§ 14. Mr. JOHNSTON
asked the Under-Secretary to the Scottish Board of Health whether he is aware of the delays which 216 take place in Scotland in the payment of sickness benefit to persons insured under the National Health insurance Act; and whether he will take steps to prevent health insurance societies delaying payments of sickness benefit while corrections of a trivial and technical nature are being made on the claim form or the proposal form where these conflict?
§ Major ELLIOT (Parliamentary Under-Secretary for Health, Scotland)

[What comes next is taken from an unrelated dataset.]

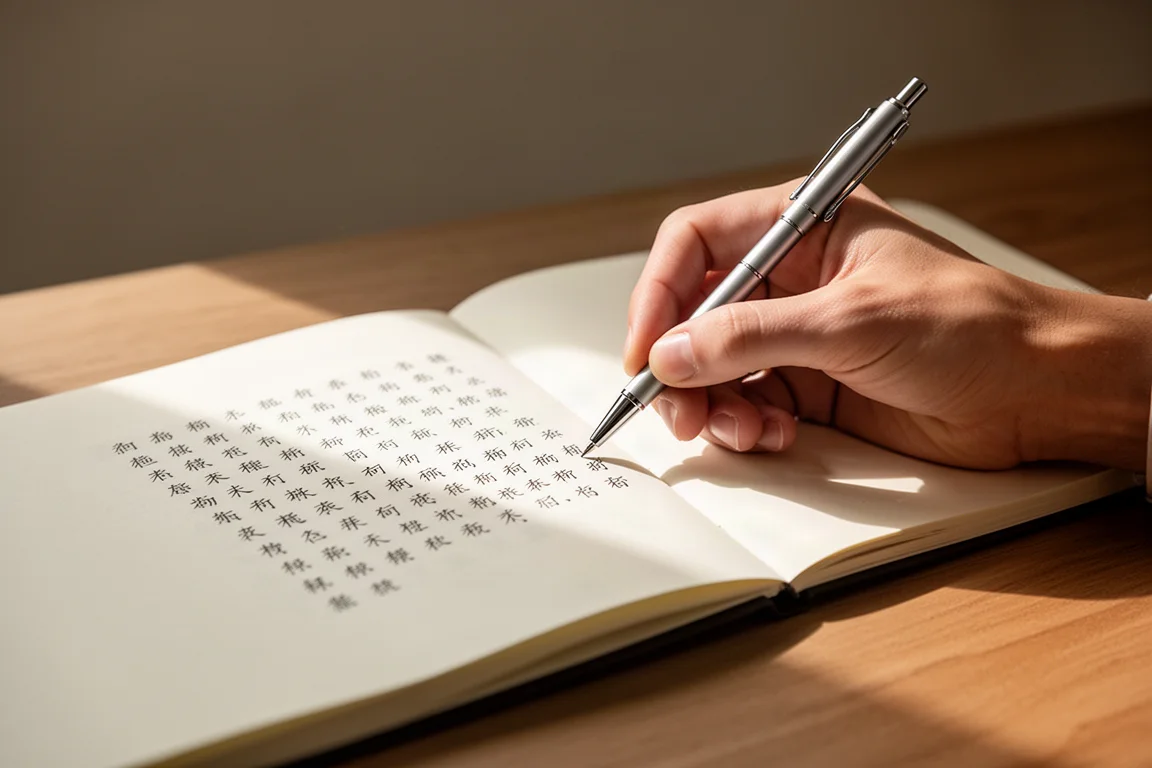Hand writing neat characters in a notebook with a mechanical pencil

I am not aware that any considerable delay takes place in Scotland in the payment of sickness benefit to insured persons. This question was recently considered by the Royal Commission on National Health Insurance, to whom evidence was submitted by the Scottish Board of Health on an analysis of 8,000 cases. Of this number it was found that more than 83 per cent. of the insured persons involved received payment within four days to a week of the dates of the claims; about 14 per cent. received payment within 14 days, and that therefore only a very small residue of cases were delayed longer than a fortnight, sometimes on account of causes for which the insured persons were themselves responsible. I do not think therefore that any action on my part is called for such as is suggested in the second part of the question, but if any case where avoidable delay has taken place is brought to my notice I shall make inquiries.
§ Mr. JOHNSTON
Would a Circular Letter from the hon. Member's Department to the committees of these societies, referring them, perhaps, to a case where, say, a woman has been designated as a widow for over 50 years and by mistake of the office becomes a spinster and fails to get her sickness benefit for five weeks, be a sufficient remedy?
§ Major ELLIOT
A letter calling attention to a specific case receives much more attention than a Circular Letter making a general statement.